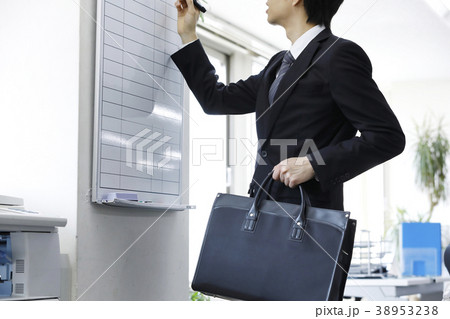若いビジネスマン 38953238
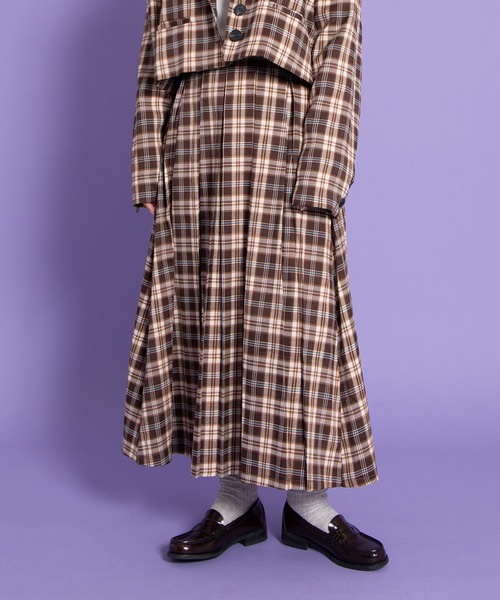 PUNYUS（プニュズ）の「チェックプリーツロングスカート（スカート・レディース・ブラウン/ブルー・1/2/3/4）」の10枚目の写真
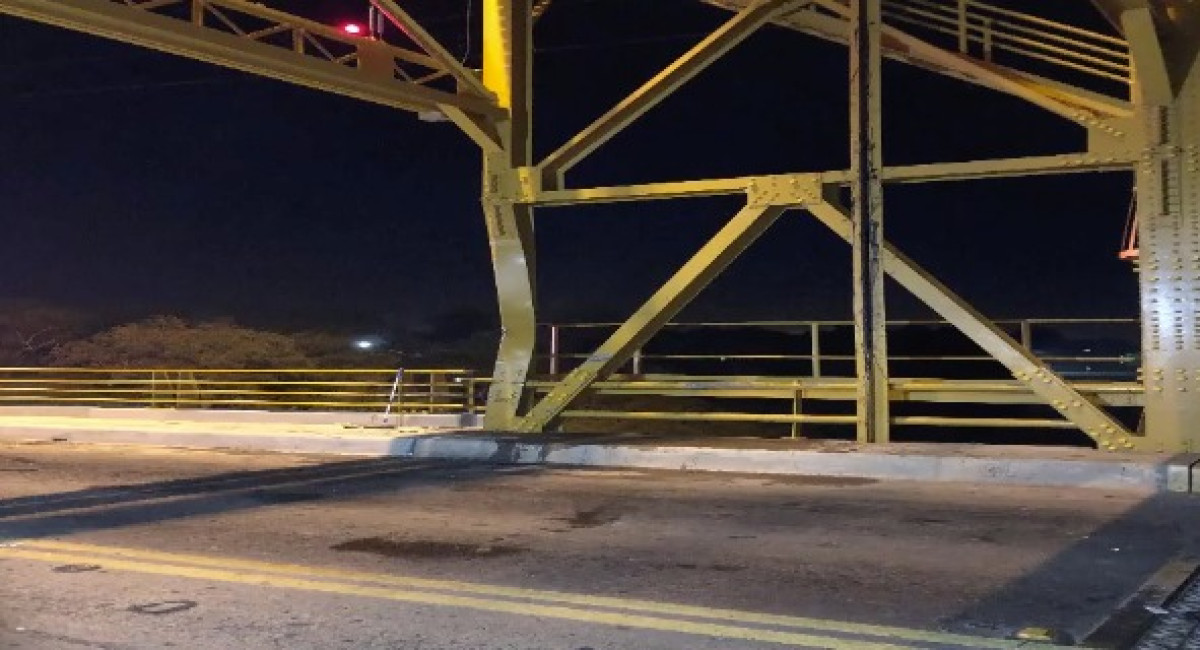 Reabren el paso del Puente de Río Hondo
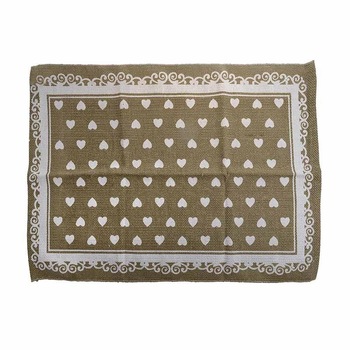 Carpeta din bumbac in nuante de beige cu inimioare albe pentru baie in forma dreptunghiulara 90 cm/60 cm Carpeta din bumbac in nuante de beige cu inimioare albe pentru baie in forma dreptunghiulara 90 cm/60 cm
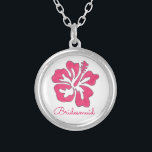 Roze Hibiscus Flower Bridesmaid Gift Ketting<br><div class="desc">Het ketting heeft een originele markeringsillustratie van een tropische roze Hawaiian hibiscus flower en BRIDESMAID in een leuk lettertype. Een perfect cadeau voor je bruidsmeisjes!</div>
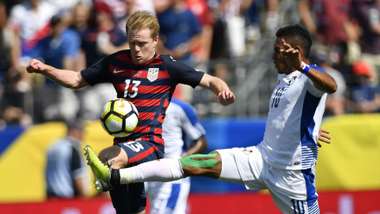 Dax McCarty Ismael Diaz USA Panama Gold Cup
____
#### [Task objective]
Please write out the lines from the one that holds "PUNYUS（プニュズ）の「" through the end of the material, both ends included, exactly and with no pictures.

#### [Final answer]
 PUNYUS（プニュズ）の「チェックプリーツロングスカート（スカート・レディース・ブラウン/ブルー・1/2/3/4）」の10枚目の写真
 Reabren el paso del Puente de Río Hondo
 Carpeta din bumbac in nuante de beige cu inimioare albe pentru baie in forma dreptunghiulara 90 cm/60 cm Carpeta din bumbac in nuante de beige cu inimioare albe pentru baie in forma dreptunghiulara 90 cm/60 cm
 Roze Hibiscus Flower Bridesmaid Gift Ketting<br><div class="desc">Het ketting heeft een originele markeringsillustratie van een tropische roze Hawaiian hibiscus flower en BRIDESMAID in een leuk lettertype. Een perfect cadeau voor je bruidsmeisjes!</div>
 Dax McCarty Ismael Diaz USA Panama Gold Cup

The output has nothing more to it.